ASSIGNMENT:
Write out again the lines from the line with "Making of Minnal" up to and including the line with "全新庫存 集創興DC12V 18V 24V 370隔膜泵 自吸泵 水泵 空氣泵-細節圖3", exactly as they stand below, and skip any picture.

AVAILABLE RECORDS:
• • • • • • •
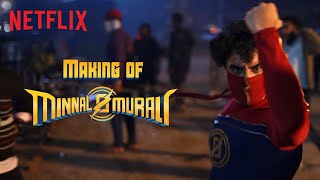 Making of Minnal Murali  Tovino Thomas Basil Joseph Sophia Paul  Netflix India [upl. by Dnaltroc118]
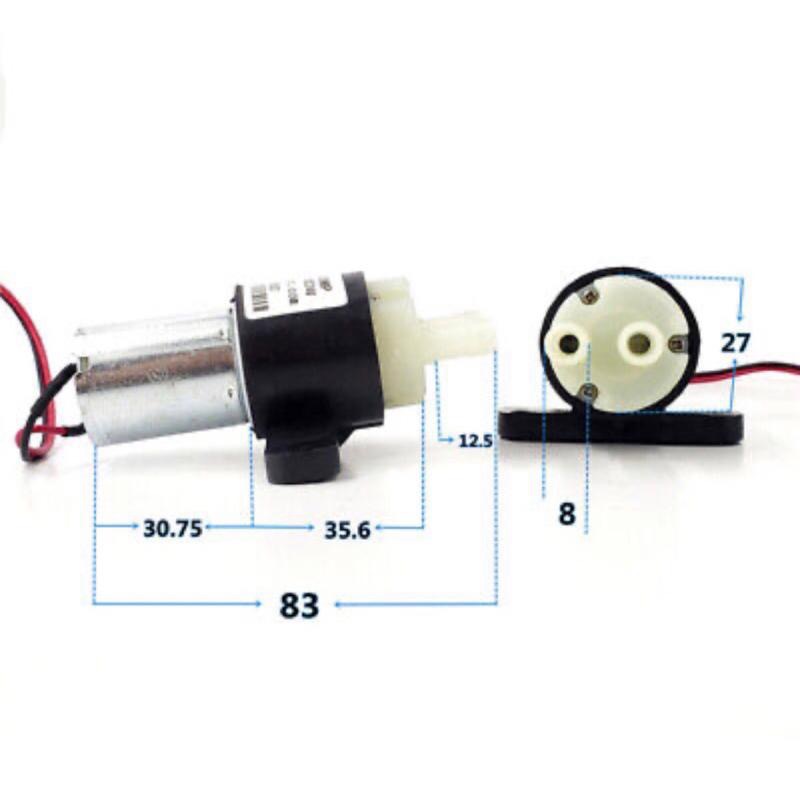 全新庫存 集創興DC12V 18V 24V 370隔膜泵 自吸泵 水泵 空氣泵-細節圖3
• • • • • • •
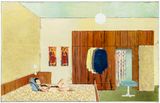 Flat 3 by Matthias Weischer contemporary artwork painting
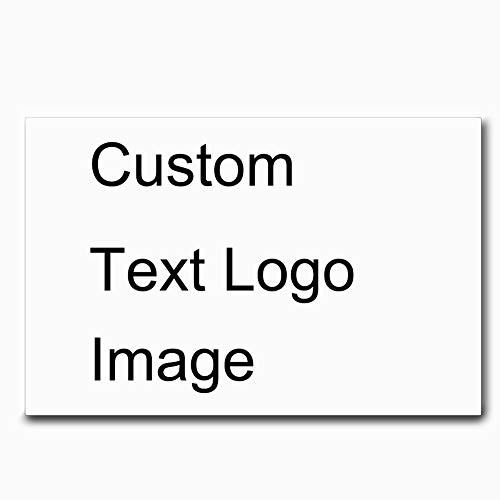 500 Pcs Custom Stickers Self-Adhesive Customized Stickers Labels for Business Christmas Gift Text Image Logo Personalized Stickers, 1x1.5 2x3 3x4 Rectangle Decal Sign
• • • • • • •
YOUR RESPONSE:
 Making of Minnal Murali  Tovino Thomas Basil Joseph Sophia Paul  Netflix India [upl. by Dnaltroc118]
 全新庫存 集創興DC12V 18V 24V 370隔膜泵 自吸泵 水泵 空氣泵-細節圖3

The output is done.